Work to be completed
Only the lines from the one containing "très jolie table" through the end of the records should be retyped, exactly and including both ends; pictures stay out.

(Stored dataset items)
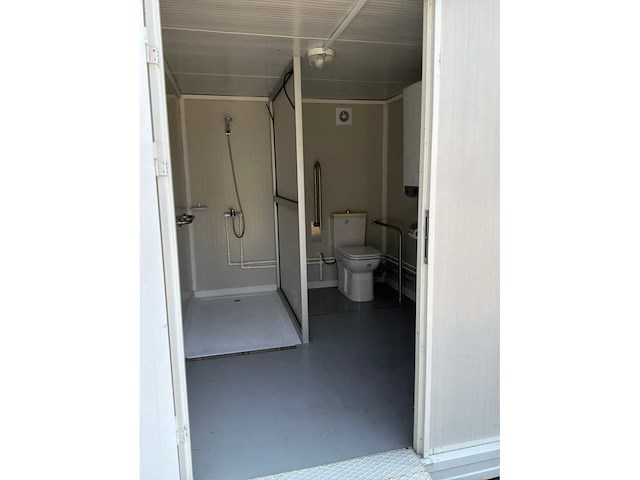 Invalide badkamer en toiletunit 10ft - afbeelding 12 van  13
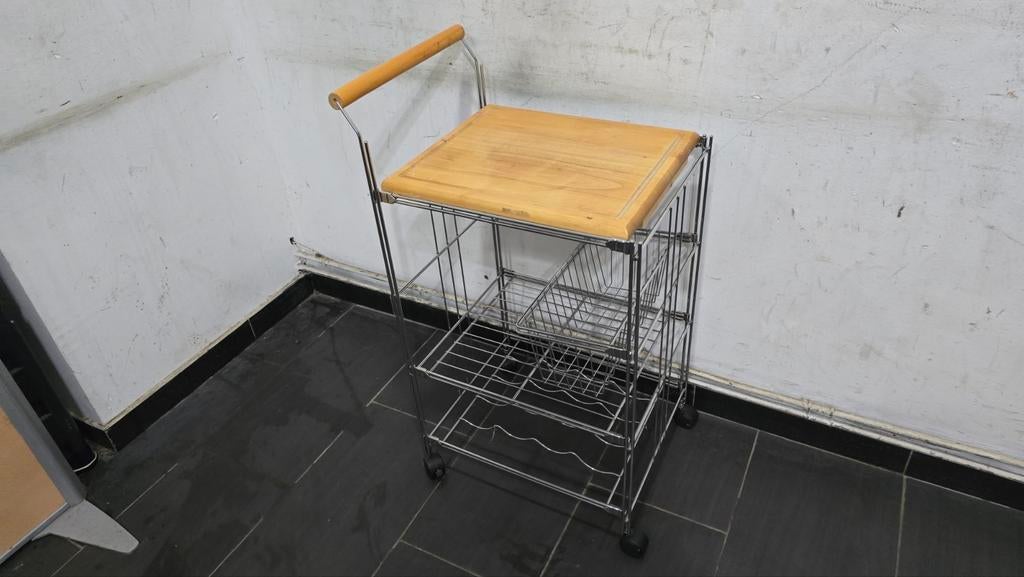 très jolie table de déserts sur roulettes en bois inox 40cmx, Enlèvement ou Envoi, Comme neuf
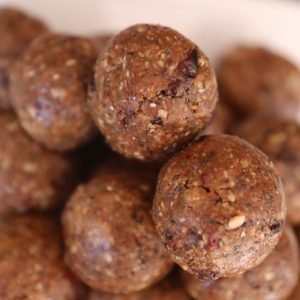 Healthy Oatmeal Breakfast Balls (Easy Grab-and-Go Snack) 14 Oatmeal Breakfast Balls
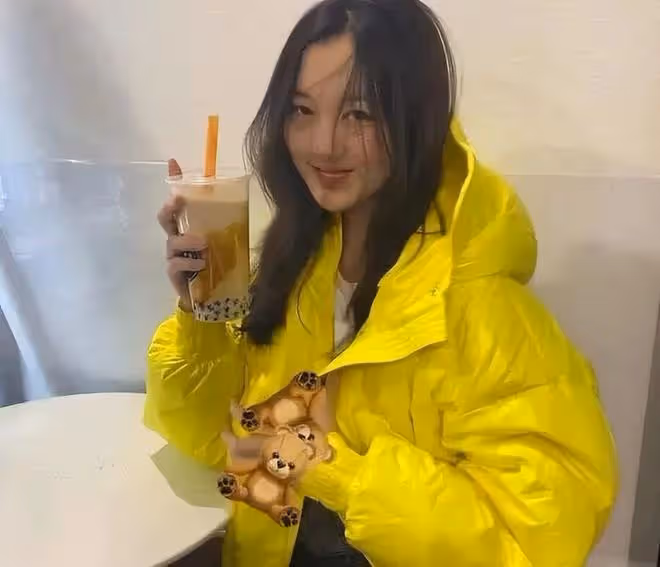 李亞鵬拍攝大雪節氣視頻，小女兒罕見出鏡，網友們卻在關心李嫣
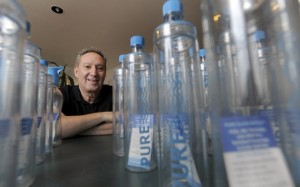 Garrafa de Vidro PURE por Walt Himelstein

Output for this exercise
 très jolie table de déserts sur roulettes en bois inox 40cmx, Enlèvement ou Envoi, Comme neuf
 Healthy Oatmeal Breakfast Balls (Easy Grab-and-Go Snack) 14 Oatmeal Breakfast Balls
 李亞鵬拍攝大雪節氣視頻，小女兒罕見出鏡，網友們卻在關心李嫣
 Garrafa de Vidro PURE por Walt Himelstein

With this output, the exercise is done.